▸ REQUIREMENT
Look below for the line containing "Blade Foot Scraper" and the line containing "Sample Type: Zebrafish", then set down both and every line between them exactly, without pictures.

▸ THE DATA

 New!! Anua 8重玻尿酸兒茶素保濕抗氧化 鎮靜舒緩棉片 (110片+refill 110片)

---

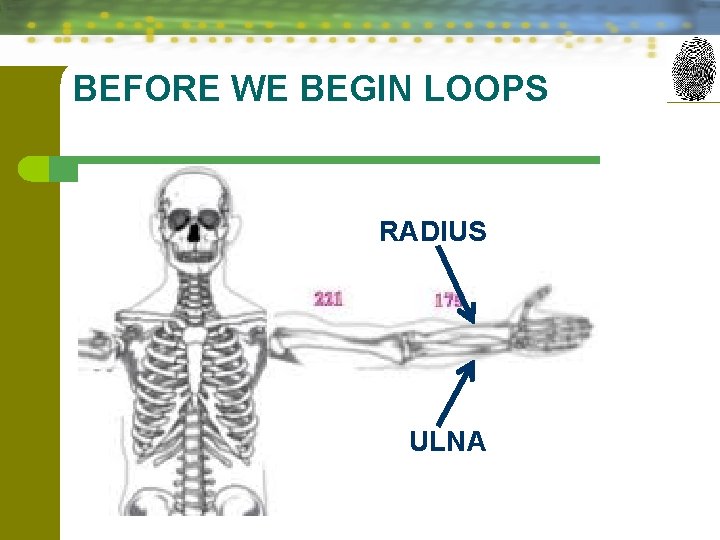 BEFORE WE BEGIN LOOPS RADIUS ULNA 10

--

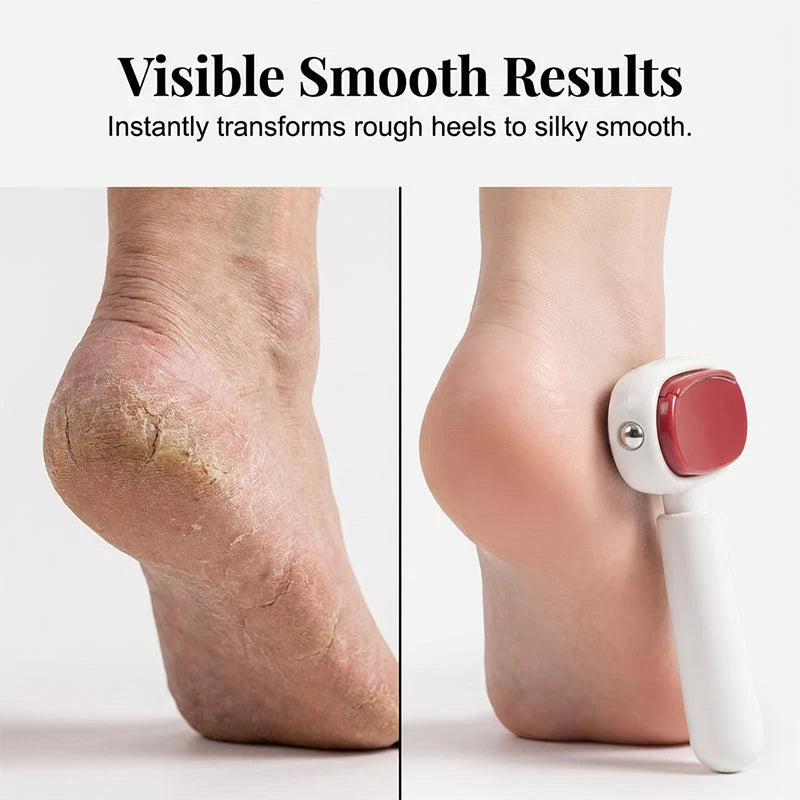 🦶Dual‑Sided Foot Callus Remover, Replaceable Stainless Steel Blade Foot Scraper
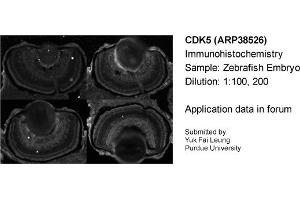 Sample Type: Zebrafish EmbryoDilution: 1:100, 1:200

▸ COMPLETED EXERCISE
 🦶Dual‑Sided Foot Callus Remover, Replaceable Stainless Steel Blade Foot Scraper
 Sample Type: Zebrafish EmbryoDilution: 1:100, 1:200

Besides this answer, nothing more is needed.